Paolo Di Canio’s recent appointment as manager of Sunderland Football Club is widely regarded as being a controversial one, largely because of certain provocative gestures he made whilst playing for Lazio, and an interview a few years back in which he is reported to have said that he was ‘a fascist, but not a racist’.
That Di Canio wholly subscribes to an extremist political movement that is defined by sustained episodes of violent racial discrimination is completely unfounded, and something he has denounced on several occasions; that his comments have been misunderstood and twisted to fit the sensationalist agendas of the press and its slavering audience is a much more likely assumption to make.
The appointment was sufficient for former Labour MP David Milliband to resign his position on the Sunderland Board, given Di Canio’s ‘past political statements’, and for many sports writers and commentators to have a field day in condemning both him and the club for his presumed affiliation with a movement that is said to promote hatred, killing, persecution and intolerance.
But without a full and complete statement of his position, it is difficult to understand exactly what Di Canio thinks and why he declared himself a fascist who wasn’t a racist, when in the minds of many people the two notions are vile and inextricably linked.

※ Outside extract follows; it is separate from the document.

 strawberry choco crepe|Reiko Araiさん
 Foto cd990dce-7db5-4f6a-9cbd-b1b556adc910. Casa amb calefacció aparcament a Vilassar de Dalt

It may be that our understanding of fascism is just too limited, too politically distorted, and too riddled with cultural assumptions that we are simply unable to appreciate what may be the subtleties of Di Canio’s unique and personal view.

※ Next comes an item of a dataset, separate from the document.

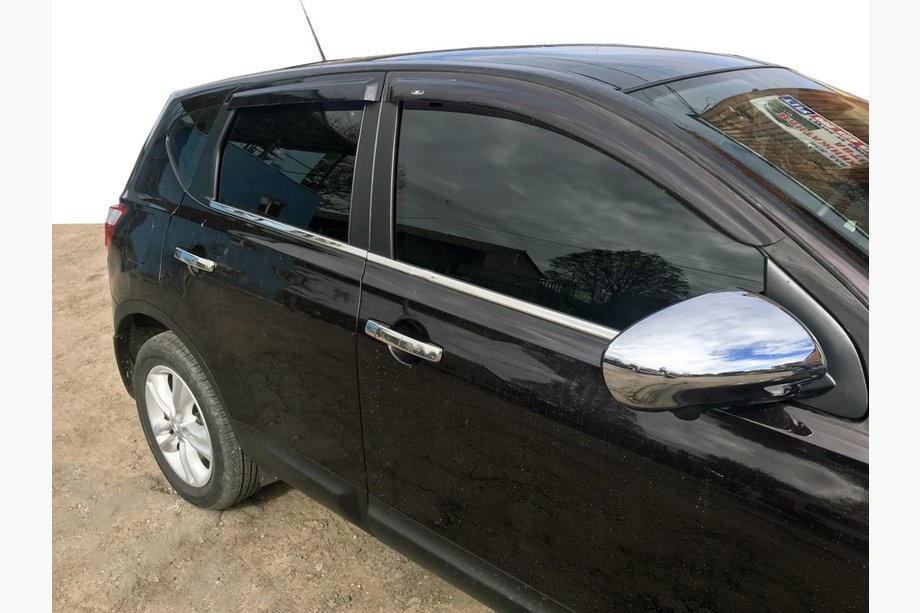 Nissan Qashqai 2010–2014 Vnější lemování (4 ks, nerez) Standardní základna, OmsaLine – italská nerezová ocel Image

Perhaps Di Canio was simply referring to his sympathies with certain cultural, political and economic aspects of fascism, as an Italian movement from a period in history that valued collectivism over individualism; personal discipline, hard work and obedience, over laziness, revolt and anarchy; and strong, healthy individuals who lived and worked for the common cause of bettering the Italian nation.
Whilst it may have been an authoritarian and nationalistic movement, it does not necessarily follow that being sympathetic to some of the aforementioned values in their own right entails supporting violence, persecution and racial hatred. Maybe that’s where Di Canio sits.
The problem is we will never get an explanation of Di Canio’s true position now as a result of the media fuelled furore surrounding his move to Sunderland and our tendency to jump to unwarranted rag style conclusions.
Given how we have come to understand fascism in this country, and given the style of news we like to indulge in here, it is highly unlikely that he will speak again on the matter, especially not to the British press gang sniffing around for their next big story. He is here to manage a struggling football club and I am sure he will do that with distinction.
(As an aside, consider the position of an individual who declares that he is a supporter of the Labour Party in Britain. Nothing wrong with that, given the core socialist views that define this party; however, it was under a Labour Government that Britain entered into an illegal war with Iraq.
Does supporting Labour then automatically mean someone who agrees with invading other countries without mandate, and engaging in deplorable acts of murder in the name of fake national interests? Perhaps David Milliband could help answer that question, as he takes his principled leave from the Stadium of Light.)